■ **GIVEN RECORDS**:
┌──

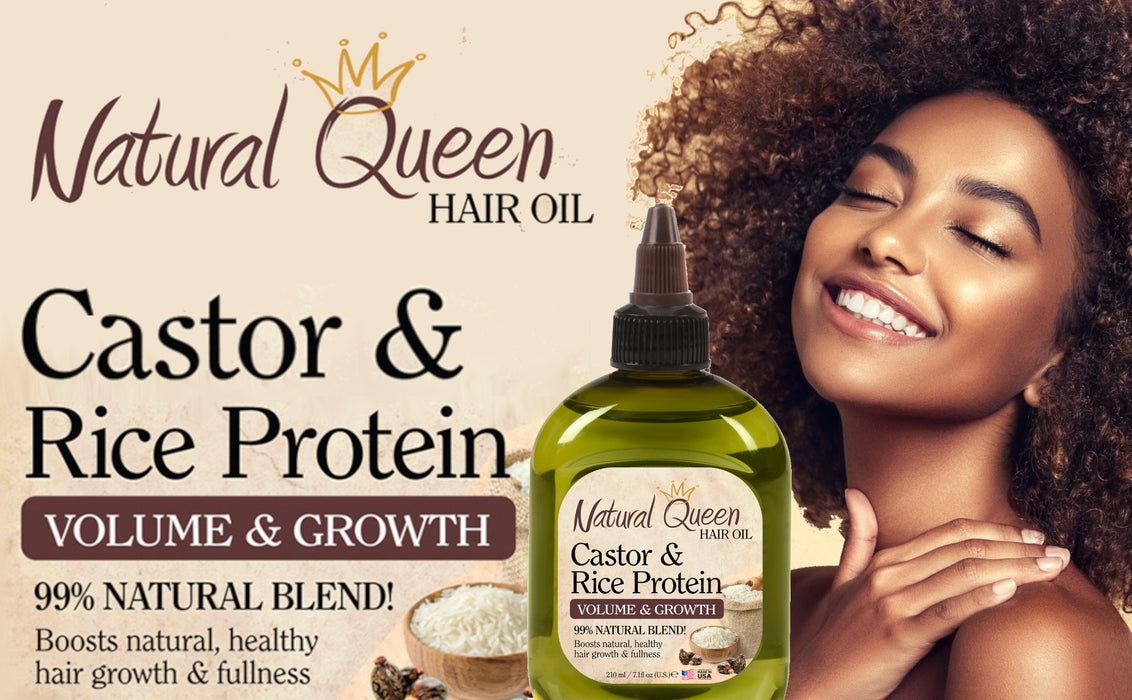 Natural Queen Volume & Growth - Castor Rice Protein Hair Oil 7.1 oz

└──
┌──

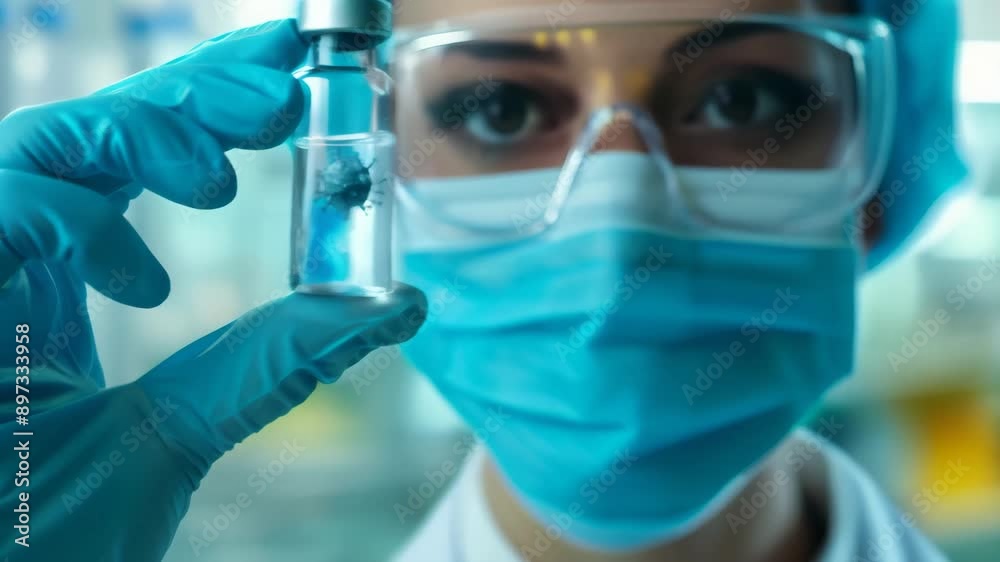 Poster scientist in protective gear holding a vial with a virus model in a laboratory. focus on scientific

└──
┌──

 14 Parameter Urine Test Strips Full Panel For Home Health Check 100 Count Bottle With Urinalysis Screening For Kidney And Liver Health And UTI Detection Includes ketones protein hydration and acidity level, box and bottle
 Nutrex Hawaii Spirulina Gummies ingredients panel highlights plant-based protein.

└──

■ **GOAL OF THE EXERCISE**: Retype exactly the lines above, from the one with "14 Parameter Urine" through the one with "Nutrex Hawaii Spirulina", inclusive.

■ **RESPONSE BELOW**:
 14 Parameter Urine Test Strips Full Panel For Home Health Check 100 Count Bottle With Urinalysis Screening For Kidney And Liver Health And UTI Detection Includes ketones protein hydration and acidity level, box and bottle
 Nutrex Hawaii Spirulina Gummies ingredients panel highlights plant-based protein.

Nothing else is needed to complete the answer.